Edgar Kosma
Été déconnecté… et plus si affinités
Au royaume des réseaux sociaux, les jours passent et ne se ressemblent pas. Entre les buzz et les likes, le vrai et le fake, Edgar Kosma scrolle le fil d’actu d’un siècle décidément étrange. Hashtag sans filtre.
Je n’ai jamais aimé les phrases toutes faites, me disant qu’à force de parler avec des phrases préfabriquées, le risque était de ne plus penser. Mais tout de même, parfois, je dois bien reconnaître que certaines expressions ne se sont pas imposées par hasard, mais par leur force de frappe, à l’instar de la très populaire «Tout a une fin.»
C’est un fait, dans notre monde, c’est ainsi que vont les choses: les jours, les semaines, les mois, les saisons, les années, les histoires, belles comme mauvaises, se terminent toujours. Seul l’infini, la mort et Michel Drucker semblent faire exception à la règle.
Nulle dérogation à la règle pour cette chronique, puisque vous lisez en ce moment mon dernier opus de la saison et même la toute dernière «Connexion en cours» tout court. Après deux ans de bons et loyaux services dans les pages de ce magazine vivant et stylé, je rangerai définitivement mes jeux de mots aux vestiaires dès que sera sifflé le point final.
Non, ne pleurez pas, mais dites-vous plutôt que toute fin est aussi un nouveau commencement. La saison s’y prête d’ailleurs très bien puisque nous serons dans quelques jours au mitan de l’année et, comme chaque fois depuis que les saisons sont les saisons et que les congés payés ont été instaurés, cette envie nous prendra de quitter notre quotidien pour quelque temps et de nous envoler vers d’autres cieux forcément plus cléments, là où l’herbe est souvent plus jaune que chez nous.
En ce qui me concerne, cet été sera certes ensoleillé mais pas des plus reposants car je vais jouer mon spectacle Seul en scène comme dans la vie au Festival OFF d’Avignon. Rassurez-vous: même si ça y ressemble un peu, je ne vous fais pas une promotion déguisée, mais je vous le dis parce que je vois dans ce projet une certaine forme d’ironie.
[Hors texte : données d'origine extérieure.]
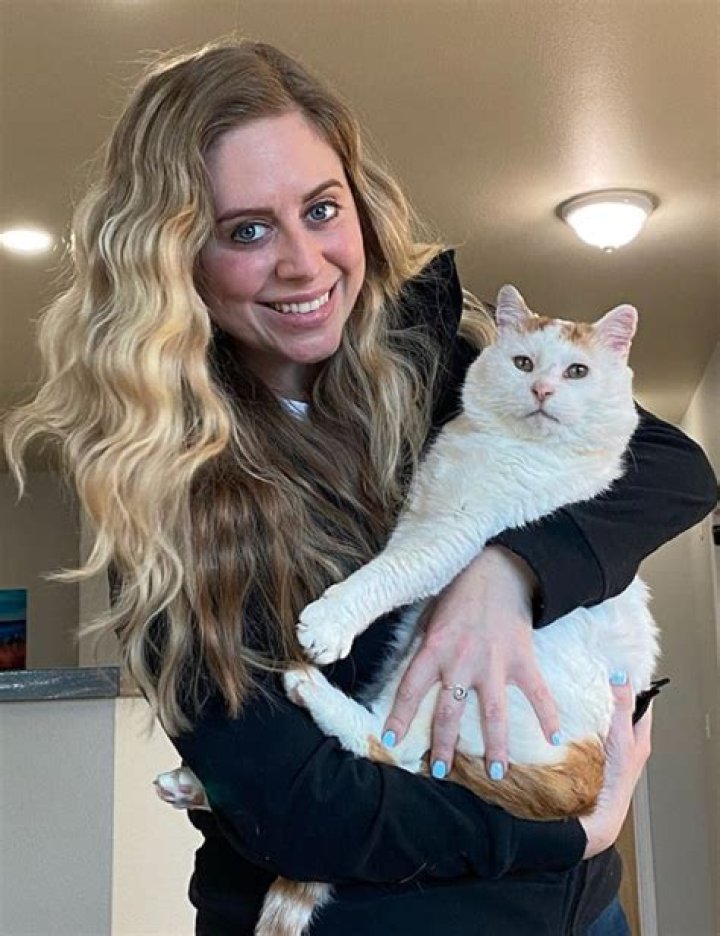 Ashley Morrison Youngest old cat lady Net Worth, Age, Height, Weight, Family, Wiki 2024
Moi qui, depuis octobre 2021, n’ai fait au fil de ces pages que vous abreuver de considérations diverses et variées à propos d’Internet, des réseaux sociaux, des intelligences artificielles, des applications de messagerie, du multivers, du métavers, d’Elon Musk, Mark Zuckerberg et consorts, je vais donc passer une partie du mois de juillet dans les ruelles médiévales de la cité des Papes à accrocher des affiches avec de la corde, distribuer des flyers de main à main à des inconnus, avec parfois un petit sourire en prime en guise de smiley. Et quand le flyer viendra à manquer, ça passera carrément par la parole: «Tiens, ça vous dit un spectacle sur un type pas drôle qui veut faire du stand-up? Non? S’il vous plaît…» Je les vois déjà arriver devant le théâtre, avec le gros annuaire imprimé du festival, les mains tachées par l’encre de ses fines pages, et un petit éventail tout droit sorti d’un roman de Pagnol.
‘Le petit rosé frais en guise de récompense et le soleil qui se couche.’
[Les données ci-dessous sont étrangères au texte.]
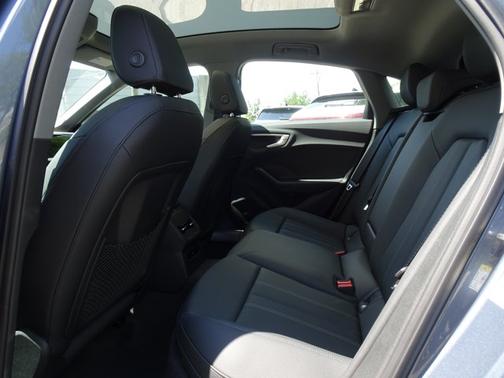 Horizon Blue Metallic 2026 Audi A5 Premium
Attention: je ne pars pas non plus chez les Amish, et il y aura bien sûr des partages de photos et de vidéos sur Facebook et Instagram, pas mal de stories créées et repartagées et peut-être même des publications sponsorisées et ciblées. Et je ne dis pas que je n’utiliserai pas de temps à autre Google Maps pour me situer dans les remparts.
Mais, d’une certaine manière, la plus grande partie de cette expérience se passera dans le monde physique tel qu’on le pratiquait avant, avec le soleil qui se lève, la voix qui vibre, le regard complice, la chaleur suffocante, les odeurs de transpiration, celles du public et la mienne sur scène, les mains moites à la sortie, le petit rosé frais en guise de récompense et le soleil qui se couche.
Je ne dis pas que c’est mieux, ni moins bien, mais moi qui suis parfois tellement connecté au point que mon smartphone frôle le burn-out, je ne peux que me réjouir de cette petite parenthèse de déconnexion qui devrait me faire le plus grand bien. D’autant plus que je ne suis pas naïf et que je suis bien placé pour savoir qu’une fois l’été terminé, la vie digitale reprendra son cours, telle une pluie torrentielle après une canicule.
Si vous passez dans le Sud cet été, n’hésitez pas à venir me voir. En vrai. On pourrait même peut-être se faire une petite story.